Batch requests when possible. The Mistral API supports batch inference for offline workloads, significantly reducing cost for non-real-time tasks.

Running Mistral Locally

All Mistral open-weight models are available on Hugging Face and run with Ollama:

# Pull and run Mistral 7B
ollama pull mistral

# Or Mixtral 8x7B (requires ~26GB RAM for Q4)
ollama pull mixtral

# Or Mistral Small (via Ollama's model library)
ollama run mistral-small

Mistral 7B is one of the most popular local models because:

Runs well on consumer hardware (8GB RAM)
Fast inference speed
Strong instruction following for its size

Prompting Patterns That Work Well

Explicit output structure:

Mistral models follow format instructions reliably. Be explicit:

Analyze this customer review and return:
1. Sentiment: positive / negative / neutral
2. Main issue (one sentence)
3. Urgency: high / medium / low

Review: "The product arrived damaged and support hasn't responded in 4 days."

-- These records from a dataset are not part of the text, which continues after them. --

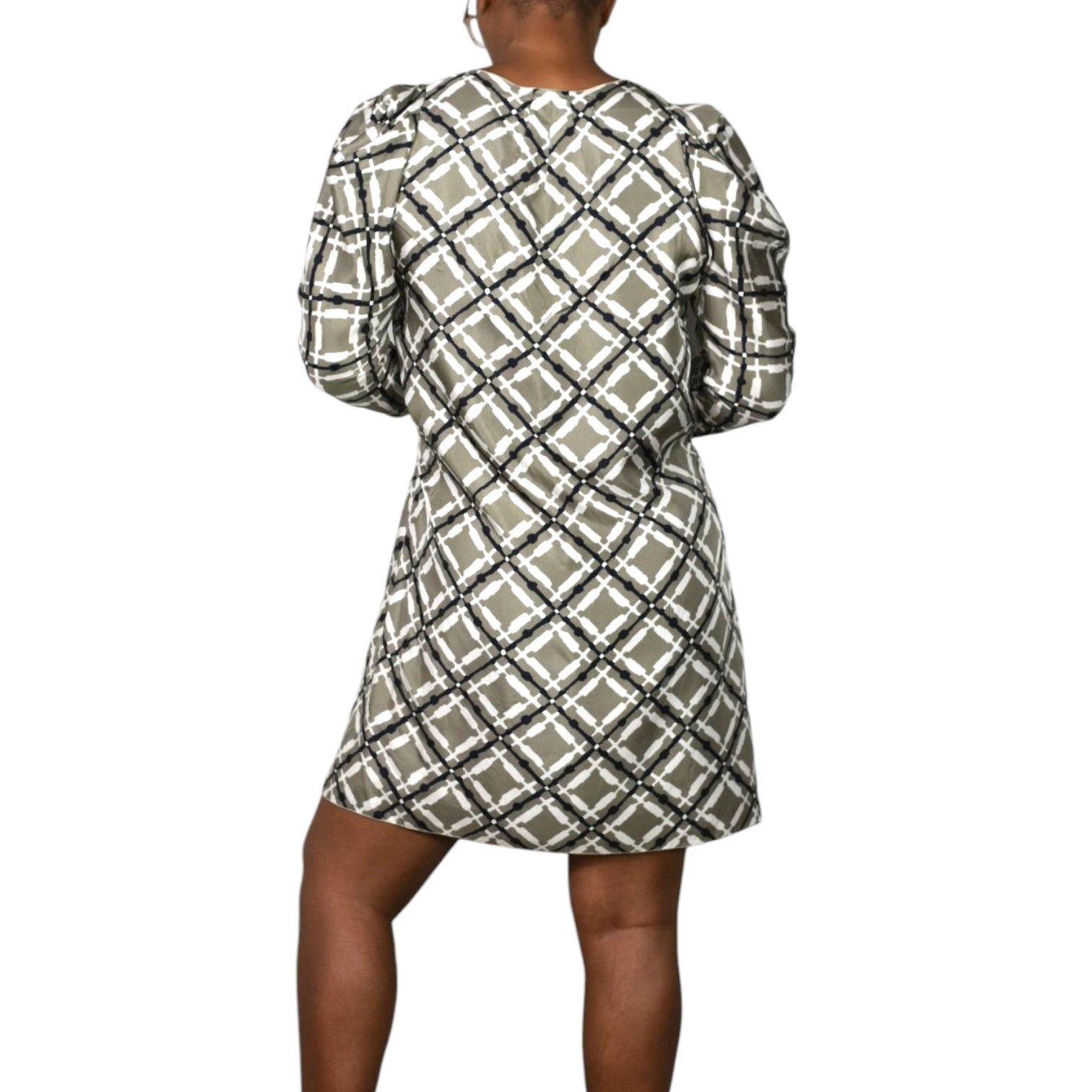 Marni Silk Print Dress Grey Geo Grid Puff Sleeve Origami Folds Sculpted Sheath 40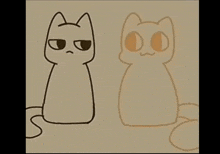 a drawing of a cat with an angry face next to a drawing of the same cat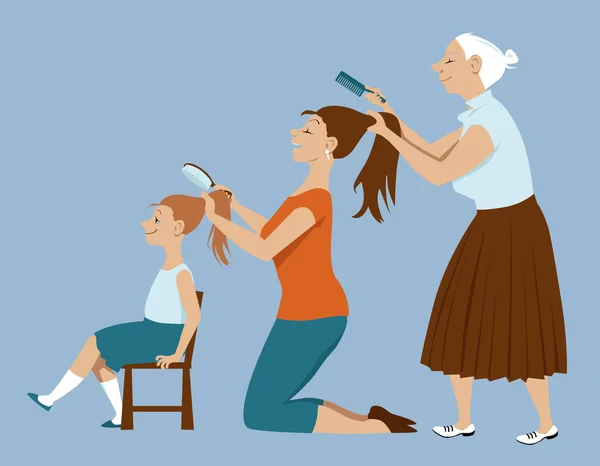 Three Generation Women Brushing Each Other Hair Eps Vector Illustration — Stock Vector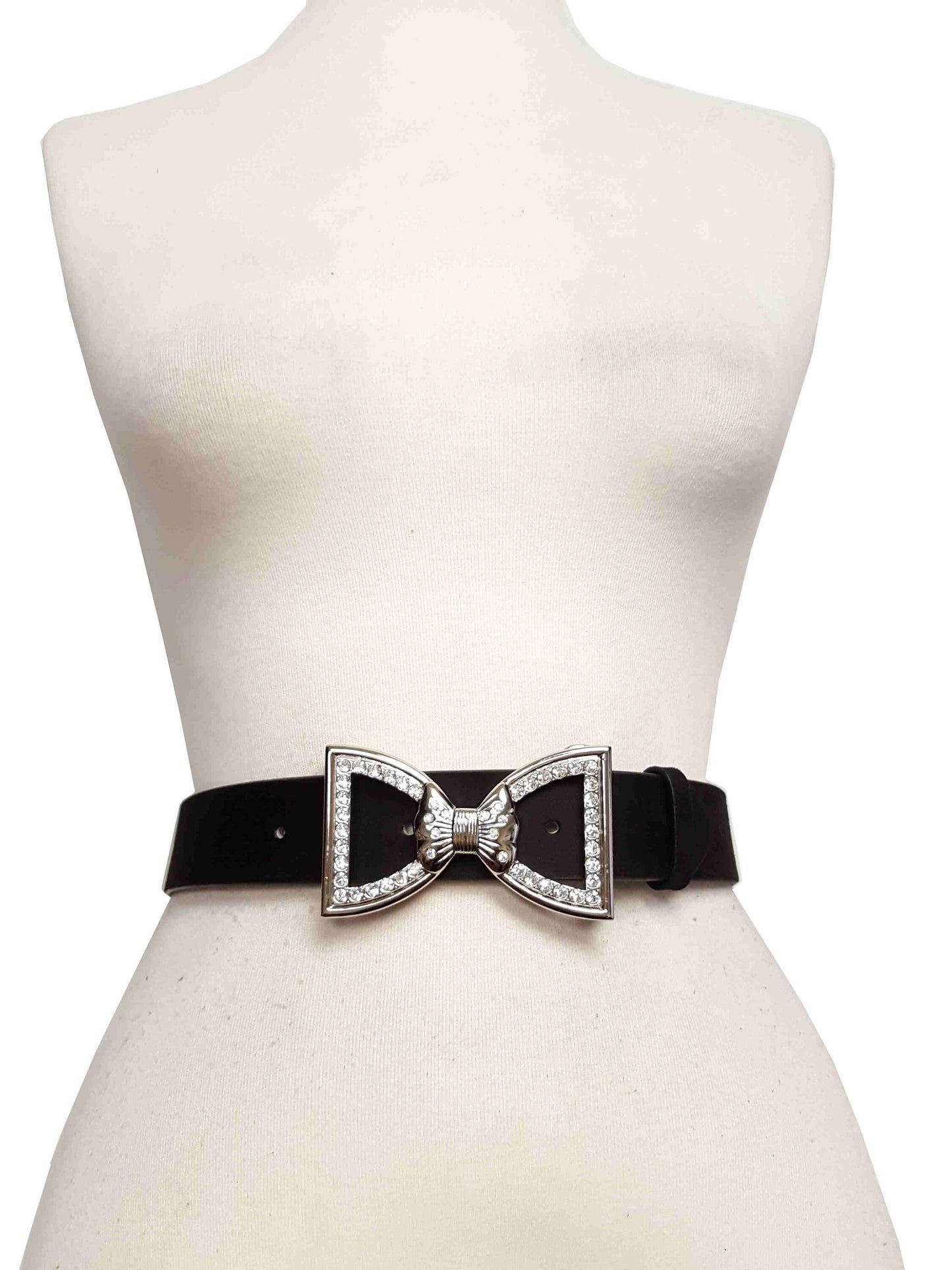 Belt Sale: Micro fiber suede Belt with Shiny Silver Crystal Bow Tie Buckle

Step-by-step reasoning for complex tasks:

Unlike reasoning models (o1, Claude extended thinking), Mistral benefits from explicit chain-of-thought prompting for complex reasoning:

Work through this problem step by step before giving your final answer.
Show your reasoning clearly.

Problem: [complex problem]

Use JSON mode for data extraction:

response = client.chat.complete(
    model="mistral-large-latest",
    messages=[...],
    response_format={"type": "json_object"}
)

JSON mode constrains the model to produce valid JSON. Combine with a schema description in your prompt for structured extraction.

Common Mistakes With Mistral

Not using JSON mode for extraction tasks. Asking for JSON in the prompt is less reliable than enabling JSON mode in the API call. Use both for critical extraction pipelines.

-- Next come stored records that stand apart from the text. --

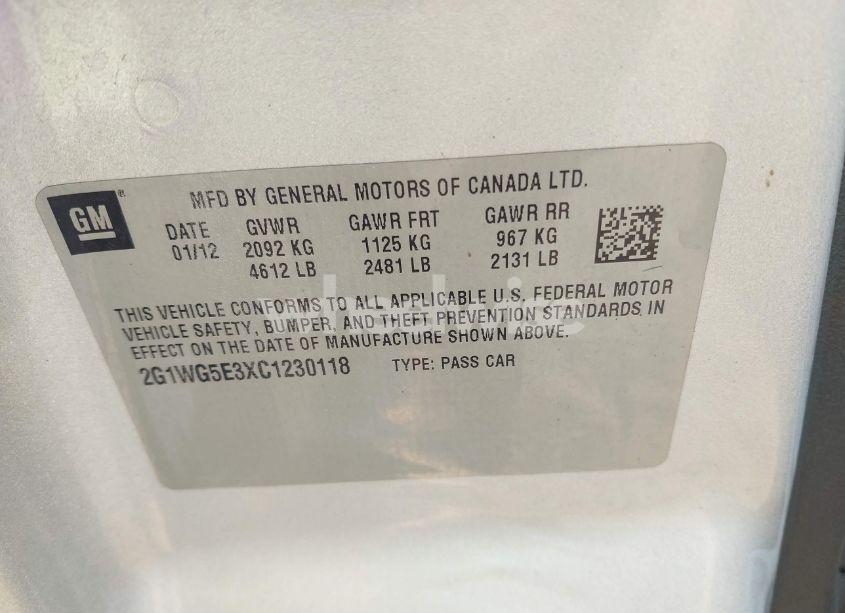 Photo 9 of 2012 Chevrolet Impala LT FLEET (VIN 2G1WG5E3XC1230118)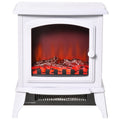 Clover electric fireplace heater with realistic flame effect and modern indoor heating design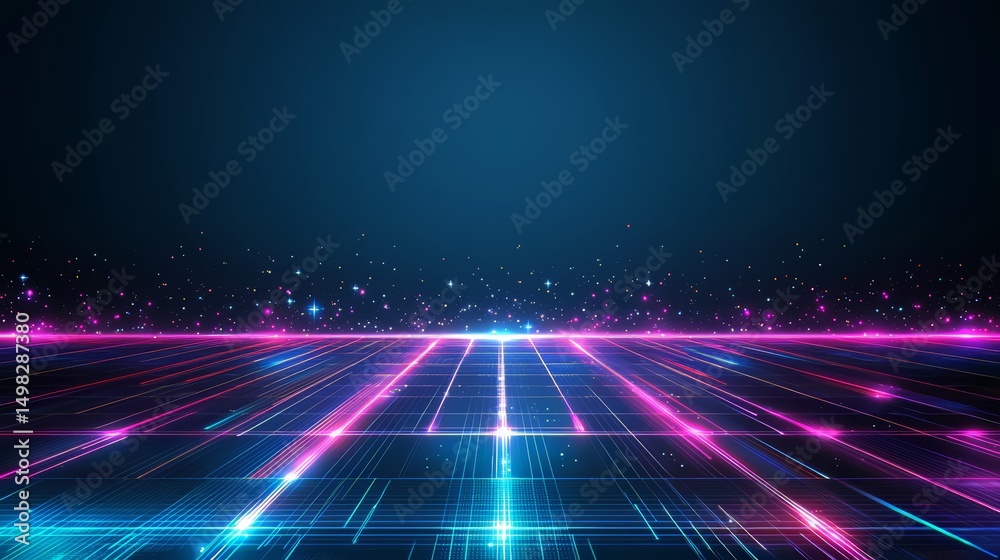 Poster blue and pink background with a bright light shining on it. the light is creating a sense of movemen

Choosing Mistral Large when Small or Mixtral would suffice. Benchmark your task at multiple model tiers. Mistral Small handles most common NLP tasks well, and Mixtral 8x7B handles complex tasks at a fraction of Large's cost.

Forgetting system prompt placement. For direct weight inference (not via API), the system prompt goes in the first user message using Mistral's convention — not as a separate <system> tag like in Llama 3.

Under-specifying the output format. Mistral follows instructions well, but "give me a summary" produces variable results. "Write a 3-sentence summary in a formal tone" produces consistent output.